[DATA BLOCK]
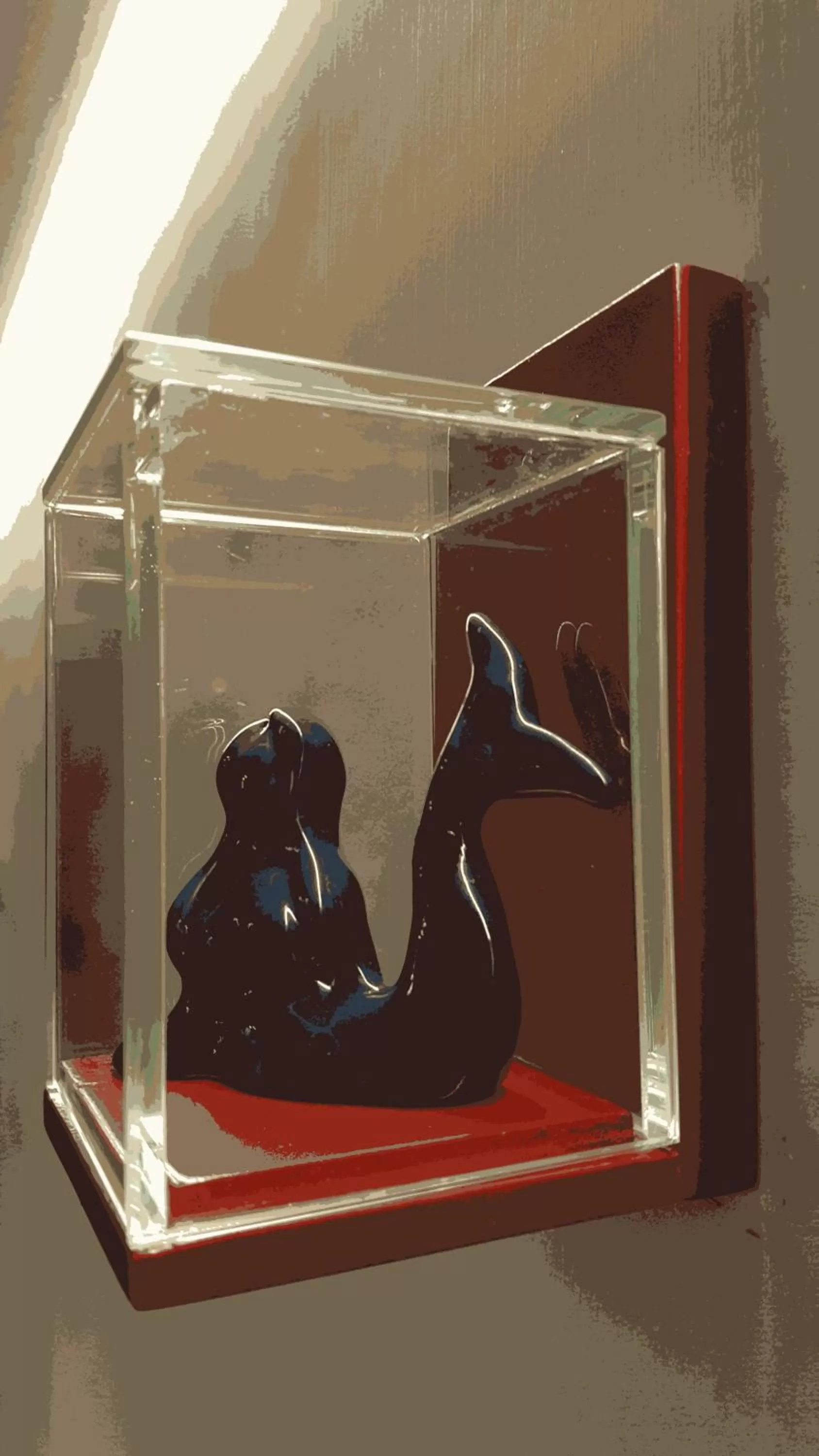 Small Twin Room in Cloister inn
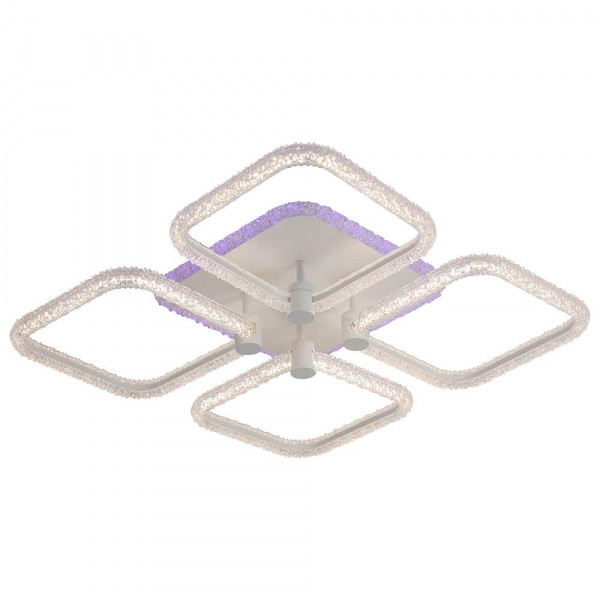 Потолочная светодиодная люстра Profit Light 8049/4 WHT Потолочная светодиодная люстра Profit Light 8049/4 WHT
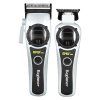 3528 sada strihaciho a konturovaciho strojku mrd pro vector clipper trimmer white combo set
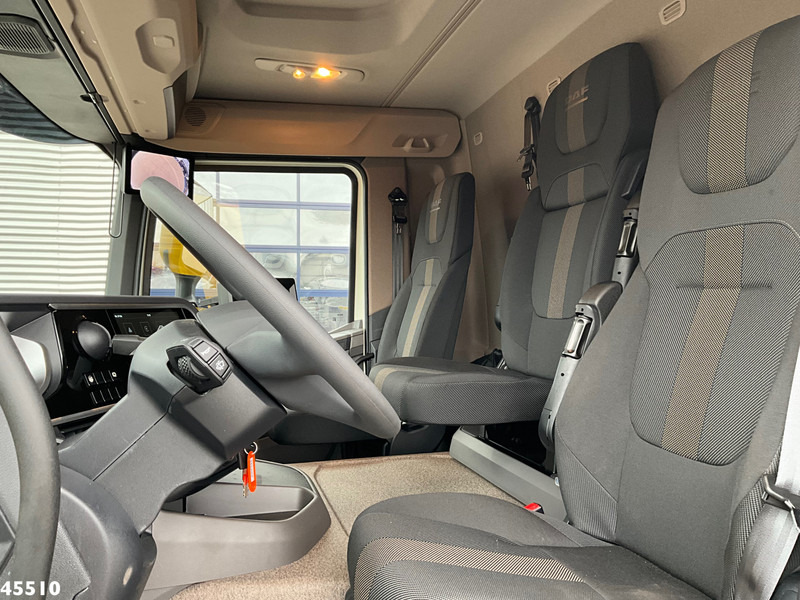 شاحنة النفايات DAF FAG XD 340 Euro 6 Geesink 20m³: صورة 14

[WHAT IS EXPECTED]
Your answer should copy the listing word for word, with no pictures in it.

[WORKED SOLUTION]
 Small Twin Room in Cloister inn
 Потолочная светодиодная люстра Profit Light 8049/4 WHT Потолочная светодиодная люстра Profit Light 8049/4 WHT
 3528 sada strihaciho a konturovaciho strojku mrd pro vector clipper trimmer white combo set
 شاحنة النفايات DAF FAG XD 340 Euro 6 Geesink 20m³: صورة 14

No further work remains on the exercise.